Looking Back while Moving Forward: What’s Next for Urban Arts and Culture Research?

Ann Markusen’s Creative Cities: A 10-Year Research Agenda provides a comprehensive review of the past decade of urban arts and culture research. While some questions about the role of arts and culture in urban economic development have been adequately explored, others require further attention.

Markusen first addresses the heavily researched impacts of arts and culture on urban economic development. Upon reviewing over a dozen studies spanning four decades, she concludes that, from job creation to tourism to productivity to sales, investing in arts and cultural activities is now commonly understood to offer economic returns to urban communities. She also cautions, however, that this reasoning is still underdeveloped simply because increased spending at any level will likely boost jobs and profits.
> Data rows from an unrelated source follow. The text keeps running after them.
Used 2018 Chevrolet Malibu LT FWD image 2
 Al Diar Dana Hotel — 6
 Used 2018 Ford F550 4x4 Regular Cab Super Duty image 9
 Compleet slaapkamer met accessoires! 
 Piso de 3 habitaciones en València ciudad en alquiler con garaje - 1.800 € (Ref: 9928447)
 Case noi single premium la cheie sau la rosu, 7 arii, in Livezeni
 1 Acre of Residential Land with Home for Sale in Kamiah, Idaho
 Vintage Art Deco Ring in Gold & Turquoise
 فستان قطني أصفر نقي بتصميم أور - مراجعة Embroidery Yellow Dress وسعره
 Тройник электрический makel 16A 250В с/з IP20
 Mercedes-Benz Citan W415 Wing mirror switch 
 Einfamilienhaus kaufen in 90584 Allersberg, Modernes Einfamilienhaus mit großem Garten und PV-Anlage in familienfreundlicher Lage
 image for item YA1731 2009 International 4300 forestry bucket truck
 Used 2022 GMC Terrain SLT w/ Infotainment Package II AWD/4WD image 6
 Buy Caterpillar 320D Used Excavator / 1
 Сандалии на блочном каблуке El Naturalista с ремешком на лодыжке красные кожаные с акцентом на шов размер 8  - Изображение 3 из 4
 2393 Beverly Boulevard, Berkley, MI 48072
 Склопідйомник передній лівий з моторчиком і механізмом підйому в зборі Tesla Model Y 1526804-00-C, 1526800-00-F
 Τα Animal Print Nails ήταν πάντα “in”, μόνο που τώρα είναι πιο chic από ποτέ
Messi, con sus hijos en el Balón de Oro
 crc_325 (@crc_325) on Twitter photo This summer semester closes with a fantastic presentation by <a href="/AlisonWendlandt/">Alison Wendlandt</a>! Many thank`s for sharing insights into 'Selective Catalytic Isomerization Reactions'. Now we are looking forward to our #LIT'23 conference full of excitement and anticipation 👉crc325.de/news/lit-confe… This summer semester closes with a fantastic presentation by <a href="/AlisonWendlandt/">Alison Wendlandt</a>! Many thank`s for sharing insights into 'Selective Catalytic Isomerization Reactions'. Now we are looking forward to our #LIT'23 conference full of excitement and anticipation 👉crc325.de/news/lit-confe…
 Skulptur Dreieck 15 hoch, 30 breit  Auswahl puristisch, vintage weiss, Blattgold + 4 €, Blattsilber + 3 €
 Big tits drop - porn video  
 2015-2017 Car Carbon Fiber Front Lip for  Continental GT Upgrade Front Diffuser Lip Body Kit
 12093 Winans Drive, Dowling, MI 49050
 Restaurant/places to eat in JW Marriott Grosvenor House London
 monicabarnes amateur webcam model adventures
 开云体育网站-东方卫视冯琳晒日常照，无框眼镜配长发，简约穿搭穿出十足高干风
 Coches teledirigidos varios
Her review also highlights the complexities of place—particularly how artists and cultural consumers, as well as arts organizations, decide where to locate and participate. For example, she explores the complicated relationship between arts venue location, neighborhood characteristics, and expected patronage. A small theater may choose to locate in a neighborhood that has a heavy patronage in the surrounding area, whereas a large flagship theater may draw from a much larger area, requiring a location with parking, street access, and transit. Thus, venue location and neighborhood characteristics are strongly tied to expected participation.

According to Markusen, many of the current holes in arts and policy research could be filled with access to better data. This is especially true for Markusen’s final major area of focus: research pertaining to demographic diversity and the arts. She notes the relative dearth of data about cultural audiences with a range of ethnic, class, and national backgrounds. Thus, it is beneficial for arts and cultural policy makers to consider how and why different demographic groups choose to participate in the arts. In Minneapolis, for example, the Guthrie Lab Theatre’s production of Nickel and Dimed was extended for many weeks due to its exploration of minimum wage work, which appealed to union workers. Similarly, Minneapolis’s Heart of the Beast Puppet and Mask Theatre strategically changed its programming to appeal to the increasing number of Latinos in the theatre’s patronage area. Thus, for arts organizations to be fiscally sustainable and culturally inclusive, researchers must explore ways to apply new methodologies to answer the question: who participates, where, and why?

Markusen synthesizes topics at the heart of 21st-century arts and cultural research, and calls for studies that span formerly rigid academic disciplines, employ mixed methodologies, and incorporate comparative perspectives.


Markusen, Ann. 2014. "Creative Cities: A 10-Year Research Agenda." Journal of Urban Affairs, 36(S2): 567-589.